Dual-Representation Image Compression at Ultra-Low Bitrates via Explicit Semantics and Implicit Textures
Chuqin Zhou, Xiaoyue Ling, Yunuo Chen, Jincheng Dai, Guo Lu, Wenjun Zhang
TL;DR
This work addresses ultra-low bitrate image compression by unifying explicit semantic information with implicit diffusion-based textures in a training-free framework. By encoding compact explicit signals ($\\hat{y}, c$) and transmitting textured details through reverse-channel coding conditioned on those signals, the method achieves strong perceptual quality while preserving semantic fidelity. A plug-in distortion-perception module and tile-based processing provide fine-grained control and scalability to high-resolution inputs, enabling flexible rate–distortion–perception tradeoffs.
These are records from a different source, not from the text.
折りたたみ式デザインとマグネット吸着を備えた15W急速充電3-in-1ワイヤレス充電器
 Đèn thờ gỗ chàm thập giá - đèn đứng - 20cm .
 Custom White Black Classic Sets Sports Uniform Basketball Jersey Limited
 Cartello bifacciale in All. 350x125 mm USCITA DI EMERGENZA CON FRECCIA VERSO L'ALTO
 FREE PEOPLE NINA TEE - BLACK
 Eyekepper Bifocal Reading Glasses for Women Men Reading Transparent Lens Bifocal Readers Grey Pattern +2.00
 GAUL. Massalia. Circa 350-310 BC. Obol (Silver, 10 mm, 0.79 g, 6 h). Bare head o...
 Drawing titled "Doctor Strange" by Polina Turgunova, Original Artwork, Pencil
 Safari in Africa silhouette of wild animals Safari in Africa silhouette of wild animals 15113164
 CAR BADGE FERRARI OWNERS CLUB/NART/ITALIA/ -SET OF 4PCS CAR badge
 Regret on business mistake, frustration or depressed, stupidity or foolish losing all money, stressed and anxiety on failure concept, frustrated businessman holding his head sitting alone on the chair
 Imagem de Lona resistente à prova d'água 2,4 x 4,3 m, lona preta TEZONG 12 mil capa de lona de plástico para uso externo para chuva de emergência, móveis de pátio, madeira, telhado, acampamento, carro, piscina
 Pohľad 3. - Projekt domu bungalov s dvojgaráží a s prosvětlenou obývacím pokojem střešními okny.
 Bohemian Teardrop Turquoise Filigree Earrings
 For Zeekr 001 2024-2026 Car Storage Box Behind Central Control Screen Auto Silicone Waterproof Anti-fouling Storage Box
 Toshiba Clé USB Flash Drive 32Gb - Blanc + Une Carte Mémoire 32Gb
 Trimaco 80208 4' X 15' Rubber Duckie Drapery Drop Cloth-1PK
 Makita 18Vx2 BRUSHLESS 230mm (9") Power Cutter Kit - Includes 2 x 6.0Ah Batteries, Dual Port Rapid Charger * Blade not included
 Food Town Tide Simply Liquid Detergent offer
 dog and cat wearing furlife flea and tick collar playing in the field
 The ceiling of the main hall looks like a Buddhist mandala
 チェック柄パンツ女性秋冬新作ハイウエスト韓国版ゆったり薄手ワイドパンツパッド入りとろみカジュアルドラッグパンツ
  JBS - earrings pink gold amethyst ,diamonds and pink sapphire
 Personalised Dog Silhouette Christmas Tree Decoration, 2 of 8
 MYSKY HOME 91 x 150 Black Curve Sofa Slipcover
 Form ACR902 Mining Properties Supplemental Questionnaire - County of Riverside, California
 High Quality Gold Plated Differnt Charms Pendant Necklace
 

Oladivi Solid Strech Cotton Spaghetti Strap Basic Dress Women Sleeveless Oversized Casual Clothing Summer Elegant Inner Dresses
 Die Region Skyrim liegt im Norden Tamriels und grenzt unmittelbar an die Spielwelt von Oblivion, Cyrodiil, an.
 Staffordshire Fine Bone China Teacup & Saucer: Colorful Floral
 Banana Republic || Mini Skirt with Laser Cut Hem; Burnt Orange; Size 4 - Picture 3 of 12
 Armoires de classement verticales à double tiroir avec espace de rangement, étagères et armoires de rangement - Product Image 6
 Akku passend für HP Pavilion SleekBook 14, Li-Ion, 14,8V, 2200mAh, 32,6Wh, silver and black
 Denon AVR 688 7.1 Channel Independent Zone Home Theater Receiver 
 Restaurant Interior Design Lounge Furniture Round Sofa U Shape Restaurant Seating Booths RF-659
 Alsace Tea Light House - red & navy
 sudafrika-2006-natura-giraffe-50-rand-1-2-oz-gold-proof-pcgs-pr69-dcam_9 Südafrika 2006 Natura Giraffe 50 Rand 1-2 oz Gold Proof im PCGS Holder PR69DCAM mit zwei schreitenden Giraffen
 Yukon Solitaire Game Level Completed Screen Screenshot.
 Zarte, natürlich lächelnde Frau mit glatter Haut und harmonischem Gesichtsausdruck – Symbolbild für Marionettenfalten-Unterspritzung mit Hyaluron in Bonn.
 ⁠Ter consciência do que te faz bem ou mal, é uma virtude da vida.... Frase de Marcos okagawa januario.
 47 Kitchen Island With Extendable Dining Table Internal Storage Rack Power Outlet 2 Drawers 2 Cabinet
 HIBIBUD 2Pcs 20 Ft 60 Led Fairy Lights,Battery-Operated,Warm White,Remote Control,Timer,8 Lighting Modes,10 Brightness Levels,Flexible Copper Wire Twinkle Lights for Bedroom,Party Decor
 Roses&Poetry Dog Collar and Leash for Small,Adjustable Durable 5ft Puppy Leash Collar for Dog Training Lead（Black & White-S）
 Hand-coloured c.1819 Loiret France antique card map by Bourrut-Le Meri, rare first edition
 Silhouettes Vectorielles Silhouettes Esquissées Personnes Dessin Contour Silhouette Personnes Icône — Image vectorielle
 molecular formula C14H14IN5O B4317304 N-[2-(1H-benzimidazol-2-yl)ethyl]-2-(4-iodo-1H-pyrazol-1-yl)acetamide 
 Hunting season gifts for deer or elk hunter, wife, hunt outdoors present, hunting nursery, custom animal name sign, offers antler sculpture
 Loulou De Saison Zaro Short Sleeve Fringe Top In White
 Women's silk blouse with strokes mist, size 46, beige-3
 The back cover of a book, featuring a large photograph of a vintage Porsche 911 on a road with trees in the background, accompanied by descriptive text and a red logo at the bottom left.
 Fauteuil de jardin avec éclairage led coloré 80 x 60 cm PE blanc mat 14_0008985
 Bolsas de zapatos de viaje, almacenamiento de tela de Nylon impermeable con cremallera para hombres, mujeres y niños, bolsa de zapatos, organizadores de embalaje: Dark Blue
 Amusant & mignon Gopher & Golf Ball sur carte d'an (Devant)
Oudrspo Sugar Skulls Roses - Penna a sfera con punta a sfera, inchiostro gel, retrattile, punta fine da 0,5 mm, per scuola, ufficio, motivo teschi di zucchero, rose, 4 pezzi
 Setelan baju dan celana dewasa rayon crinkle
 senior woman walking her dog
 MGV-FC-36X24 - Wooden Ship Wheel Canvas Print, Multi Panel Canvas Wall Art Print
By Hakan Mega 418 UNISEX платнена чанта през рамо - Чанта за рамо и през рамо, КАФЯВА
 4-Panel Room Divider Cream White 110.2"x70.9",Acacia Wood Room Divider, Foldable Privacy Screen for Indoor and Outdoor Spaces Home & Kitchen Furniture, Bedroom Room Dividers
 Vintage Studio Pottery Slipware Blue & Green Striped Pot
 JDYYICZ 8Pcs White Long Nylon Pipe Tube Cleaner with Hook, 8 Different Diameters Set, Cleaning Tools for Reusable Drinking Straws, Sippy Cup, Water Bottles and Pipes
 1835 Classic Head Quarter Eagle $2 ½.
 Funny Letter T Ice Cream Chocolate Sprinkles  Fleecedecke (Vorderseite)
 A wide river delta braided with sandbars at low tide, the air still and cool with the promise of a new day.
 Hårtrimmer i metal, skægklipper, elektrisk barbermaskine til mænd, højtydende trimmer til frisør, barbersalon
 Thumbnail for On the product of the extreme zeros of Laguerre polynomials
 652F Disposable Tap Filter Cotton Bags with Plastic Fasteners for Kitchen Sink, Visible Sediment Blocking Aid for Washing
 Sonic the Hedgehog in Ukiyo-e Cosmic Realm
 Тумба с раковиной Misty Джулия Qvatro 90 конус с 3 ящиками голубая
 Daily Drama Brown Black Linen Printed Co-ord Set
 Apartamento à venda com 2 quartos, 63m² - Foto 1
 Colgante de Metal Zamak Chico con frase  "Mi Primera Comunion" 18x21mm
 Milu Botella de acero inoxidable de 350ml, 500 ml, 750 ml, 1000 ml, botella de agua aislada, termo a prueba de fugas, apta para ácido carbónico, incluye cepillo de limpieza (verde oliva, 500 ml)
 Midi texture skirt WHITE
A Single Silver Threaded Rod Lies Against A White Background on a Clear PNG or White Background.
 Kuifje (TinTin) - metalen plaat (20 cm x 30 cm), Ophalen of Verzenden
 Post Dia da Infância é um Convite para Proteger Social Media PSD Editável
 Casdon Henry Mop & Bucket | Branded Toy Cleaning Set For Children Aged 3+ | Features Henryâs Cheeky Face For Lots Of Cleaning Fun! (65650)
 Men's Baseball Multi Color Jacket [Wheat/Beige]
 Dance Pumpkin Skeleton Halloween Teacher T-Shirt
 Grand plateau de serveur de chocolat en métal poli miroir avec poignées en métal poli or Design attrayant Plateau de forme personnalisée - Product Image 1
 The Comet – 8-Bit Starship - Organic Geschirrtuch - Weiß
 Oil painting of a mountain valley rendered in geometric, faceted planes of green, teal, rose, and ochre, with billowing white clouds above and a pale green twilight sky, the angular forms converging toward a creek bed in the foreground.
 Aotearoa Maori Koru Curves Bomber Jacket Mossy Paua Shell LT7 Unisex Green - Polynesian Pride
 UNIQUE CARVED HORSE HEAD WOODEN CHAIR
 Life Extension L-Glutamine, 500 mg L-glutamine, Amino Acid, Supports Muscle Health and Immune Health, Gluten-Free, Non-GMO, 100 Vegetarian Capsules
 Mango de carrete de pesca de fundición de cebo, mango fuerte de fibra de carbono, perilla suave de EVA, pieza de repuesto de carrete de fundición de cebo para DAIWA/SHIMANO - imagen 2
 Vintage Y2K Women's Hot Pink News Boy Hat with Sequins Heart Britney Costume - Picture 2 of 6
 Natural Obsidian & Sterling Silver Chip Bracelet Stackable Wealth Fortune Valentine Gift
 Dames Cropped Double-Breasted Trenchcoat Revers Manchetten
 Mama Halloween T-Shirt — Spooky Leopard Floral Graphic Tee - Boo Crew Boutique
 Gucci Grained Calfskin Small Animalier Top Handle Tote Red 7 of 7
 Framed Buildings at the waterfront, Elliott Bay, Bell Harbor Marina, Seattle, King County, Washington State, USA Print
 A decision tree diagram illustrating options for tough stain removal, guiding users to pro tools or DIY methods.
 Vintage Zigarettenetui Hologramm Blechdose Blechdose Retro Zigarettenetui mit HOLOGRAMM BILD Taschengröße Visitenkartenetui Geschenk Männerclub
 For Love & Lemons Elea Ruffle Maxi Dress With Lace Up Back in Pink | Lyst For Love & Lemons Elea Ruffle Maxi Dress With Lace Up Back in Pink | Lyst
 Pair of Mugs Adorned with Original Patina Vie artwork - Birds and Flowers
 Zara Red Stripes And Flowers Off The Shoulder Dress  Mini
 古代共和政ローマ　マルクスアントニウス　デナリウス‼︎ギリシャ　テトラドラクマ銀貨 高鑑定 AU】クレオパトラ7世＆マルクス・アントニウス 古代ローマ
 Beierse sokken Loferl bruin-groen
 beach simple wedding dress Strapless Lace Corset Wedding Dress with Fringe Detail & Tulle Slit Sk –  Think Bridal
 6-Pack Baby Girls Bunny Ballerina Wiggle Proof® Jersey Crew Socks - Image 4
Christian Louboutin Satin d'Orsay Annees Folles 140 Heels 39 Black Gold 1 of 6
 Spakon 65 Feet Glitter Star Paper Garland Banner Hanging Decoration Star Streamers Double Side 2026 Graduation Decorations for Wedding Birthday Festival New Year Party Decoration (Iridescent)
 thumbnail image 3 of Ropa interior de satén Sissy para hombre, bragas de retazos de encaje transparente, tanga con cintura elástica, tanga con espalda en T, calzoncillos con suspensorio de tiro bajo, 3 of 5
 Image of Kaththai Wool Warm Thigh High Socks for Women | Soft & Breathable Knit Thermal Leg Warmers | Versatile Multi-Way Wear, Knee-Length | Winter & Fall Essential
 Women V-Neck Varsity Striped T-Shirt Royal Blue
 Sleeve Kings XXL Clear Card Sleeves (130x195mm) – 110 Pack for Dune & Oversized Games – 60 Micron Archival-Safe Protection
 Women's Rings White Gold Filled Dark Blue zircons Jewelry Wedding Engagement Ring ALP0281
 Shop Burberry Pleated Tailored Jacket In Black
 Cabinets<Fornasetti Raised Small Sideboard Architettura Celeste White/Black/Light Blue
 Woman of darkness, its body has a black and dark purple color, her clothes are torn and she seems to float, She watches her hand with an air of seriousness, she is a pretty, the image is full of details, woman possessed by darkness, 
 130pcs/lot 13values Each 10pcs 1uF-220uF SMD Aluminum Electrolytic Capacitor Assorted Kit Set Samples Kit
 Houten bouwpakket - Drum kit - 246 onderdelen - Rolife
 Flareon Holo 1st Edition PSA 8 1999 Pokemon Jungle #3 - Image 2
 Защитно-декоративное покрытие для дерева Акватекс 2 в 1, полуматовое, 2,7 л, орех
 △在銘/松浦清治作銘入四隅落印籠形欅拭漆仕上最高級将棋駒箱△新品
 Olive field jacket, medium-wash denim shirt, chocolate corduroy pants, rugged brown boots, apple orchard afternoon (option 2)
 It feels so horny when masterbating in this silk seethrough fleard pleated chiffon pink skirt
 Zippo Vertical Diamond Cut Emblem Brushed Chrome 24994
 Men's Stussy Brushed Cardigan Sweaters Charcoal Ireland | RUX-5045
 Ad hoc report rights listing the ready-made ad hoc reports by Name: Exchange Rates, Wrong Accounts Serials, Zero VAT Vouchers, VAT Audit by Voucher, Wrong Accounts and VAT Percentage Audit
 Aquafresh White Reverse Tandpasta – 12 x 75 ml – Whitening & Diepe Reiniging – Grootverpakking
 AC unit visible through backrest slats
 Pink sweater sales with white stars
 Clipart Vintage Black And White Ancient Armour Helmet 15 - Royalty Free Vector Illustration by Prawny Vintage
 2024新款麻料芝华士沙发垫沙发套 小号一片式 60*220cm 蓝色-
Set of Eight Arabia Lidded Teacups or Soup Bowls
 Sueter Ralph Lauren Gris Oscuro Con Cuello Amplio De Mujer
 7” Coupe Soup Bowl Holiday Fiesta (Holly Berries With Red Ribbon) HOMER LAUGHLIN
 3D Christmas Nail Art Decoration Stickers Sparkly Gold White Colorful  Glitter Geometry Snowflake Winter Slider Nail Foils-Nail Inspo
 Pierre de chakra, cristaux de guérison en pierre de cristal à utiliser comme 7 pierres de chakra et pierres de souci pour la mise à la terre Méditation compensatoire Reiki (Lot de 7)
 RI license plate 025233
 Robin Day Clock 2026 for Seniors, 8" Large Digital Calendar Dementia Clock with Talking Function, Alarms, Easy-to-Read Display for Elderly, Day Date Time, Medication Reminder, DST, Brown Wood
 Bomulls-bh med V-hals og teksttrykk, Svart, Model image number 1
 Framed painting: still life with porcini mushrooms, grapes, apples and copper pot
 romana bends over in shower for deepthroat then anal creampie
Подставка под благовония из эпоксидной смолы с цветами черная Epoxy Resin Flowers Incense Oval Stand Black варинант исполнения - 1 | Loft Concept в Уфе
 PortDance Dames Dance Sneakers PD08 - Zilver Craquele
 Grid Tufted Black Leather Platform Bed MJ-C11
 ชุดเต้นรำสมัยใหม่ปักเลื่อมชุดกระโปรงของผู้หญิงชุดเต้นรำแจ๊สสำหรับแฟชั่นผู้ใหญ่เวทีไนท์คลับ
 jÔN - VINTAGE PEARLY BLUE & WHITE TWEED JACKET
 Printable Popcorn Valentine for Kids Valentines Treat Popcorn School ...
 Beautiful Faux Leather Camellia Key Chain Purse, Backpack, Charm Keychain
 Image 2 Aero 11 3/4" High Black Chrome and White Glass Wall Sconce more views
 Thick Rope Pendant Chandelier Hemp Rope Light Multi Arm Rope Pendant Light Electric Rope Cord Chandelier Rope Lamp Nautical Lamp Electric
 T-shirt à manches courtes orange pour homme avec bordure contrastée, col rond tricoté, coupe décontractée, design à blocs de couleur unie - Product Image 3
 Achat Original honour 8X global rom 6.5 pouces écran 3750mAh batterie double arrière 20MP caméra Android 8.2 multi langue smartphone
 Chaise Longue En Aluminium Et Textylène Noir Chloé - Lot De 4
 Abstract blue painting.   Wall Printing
Empirical results demonstrate state-of-the-art performance across Kodak, DIV2K, and CLIC2020, with substantial gains in DISTS, CLIPSim, and related metrics over prior diffusion- and explicit-prior methods, and strong compatibility with multiple base codecs.
Abstract
While recent neural codecs achieve strong performance at low bitrates when optimized for perceptual quality, their effectiveness deteriorates significantly under ultra-low bitrate conditions. To mitigate this, generative compression methods leveraging semantic priors from pretrained models have emerged as a promising paradigm. However, existing approaches are fundamentally constrained by a tradeoff between semantic faithfulness and perceptual realism. Methods based on explicit representations preserve content structure but often lack fine-grained textures, whereas implicit methods can synthesize visually plausible details at the cost of semantic drift. In this work, we propose a unified framework that bridges this gap by coherently integrating explicit and implicit representations in a training-free manner. Specifically, We condition a diffusion model on explicit high-level semantics while employing reverse-channel coding to implicitly convey fine-grained details. Moreover, we introduce a plug-in encoder that enables flexible control of the distortion-perception tradeoff by modulating the implicit information. Extensive experiments demonstrate that the proposed framework achieves state-of-the-art rate-perception performance, outperforming existing methods and surpassing DiffC by 29.92%, 19.33%, and 20.89% in DISTS BD-Rate on the Kodak, DIV2K, and CLIC2020 datasets, respectively.